Market integration and market segmentation are two aspects of the same problem, and the existing research mostly analyzes it from the perspective of market segmentation. Some studies have found that market segmentation caused by local protection can distort the efficient allocation of resources, leading to the convergence of regional industrial structures and loss of efficiency of enterprises and industries, which can hinder economic growth (Jing and Zhang, 2019). There are also some views that the impact of market segmentation on economic growth is an inverted U-shaped curve (Sun and Lei, 2018). When the degree of market segmentation is low, local protection and market segmentation are beneficial to local economic growth, but when the degree of market segmentation exceeds a certain critical value, its effect on local economic growth will turn to inhibition. Market segmentation can be mediated by the highly isomorphic regional industrial structure, which can promote economic growth by promoting regional specialization and division of labor (Fu and Qiao, 2011). Some studies have also found that the impact of market segmentation on economic growth is uncertain; it may be inverted U-shaped or positive U-shaped, or it may not be significant (Song et al., 2014). In fact, the market segmentation that exists between regions in China is a “prisoner’s dilemma” situation. When other local governments adopt local protection and market segmentation policies, the local government must also adopt a “beggar-thy-neighbor policy” in order to protect the local economy. This could lead to a market-segmentation race among local governments, which could improve the relative performance of the local economy by taking down rivals. If all local governments give up local protection and market segmentation, then all localities will benefit. However, this situation does not seem to occur in China. The fact is that some local governments are currently benefiting from market segmentation but at the cost of huge dis-economies of scale, which adversely affects China’s overall economic growth (Lu and Chen, 2009).

The existence of market segmentation between regions will be detrimental to economic growth, while market integration can implement the free flow of commodities and factors between regions, give full play to the positive role of the market in allocating resources, and improve economic growth. The reduction of transaction costs and the improvement of transaction efficiency brought about by the improvement of transportation infrastructure can promote the cross-regional flow of commodities and production factors, reducing the degree of market segmentation between regions and improving the level of market integration. However, existing research seldom pays attention to the relationship between transportation infrastructure improvement, market integration, and economic growth and pays more attention to discussing and analyzing the relationship between the two.

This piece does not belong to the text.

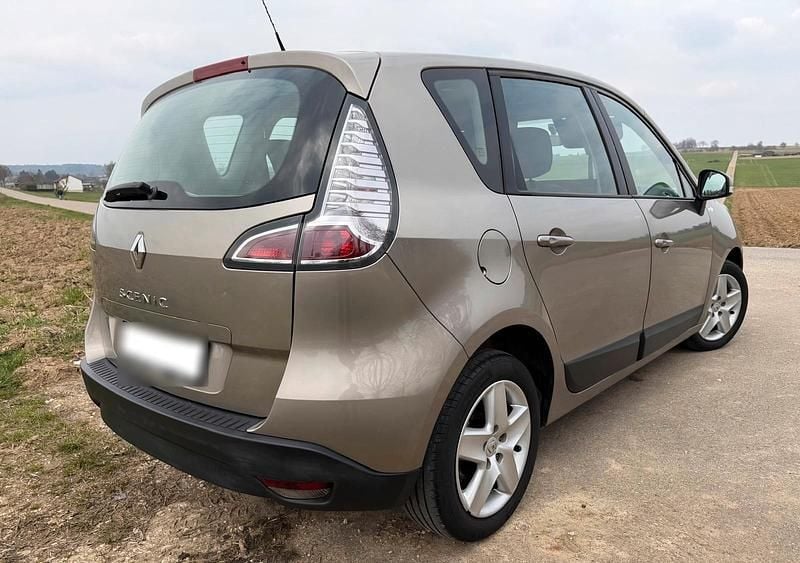 Gebraucht Renault Scénic III 110 PS (80 kW) 2013 Beige Van / Kleinbus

In 2020, the fifth plenary session of the 19th Communist Party of China (CPC) Central Committee proposed to accelerate “the new development paradigm featuring dual circulation, in which domestic and overseas markets reinforce each other, with the domestic market as the mainstay.” From the perspective of regional coordinated development, the realization of the domestic circulation must break the market segmentation and realize the free flow of various elements between regions (Zhang and Yang, 2020; Liu et al., 2021). Based on the understanding of smoothing the domestic circulation and promoting coordinated regional development under the new situation, this study will take 220 cities in 19 urban agglomerations in China as research samples to empirically test the impact of the development of expressways and high-speed railways on urban economic growth and the heterogeneity of urban economic growth caused by different levels of market integration. This is of great significance for enriching existing research, optimizing investment strategies for expressways and high-speed railways in China, and promoting regional high-quality development.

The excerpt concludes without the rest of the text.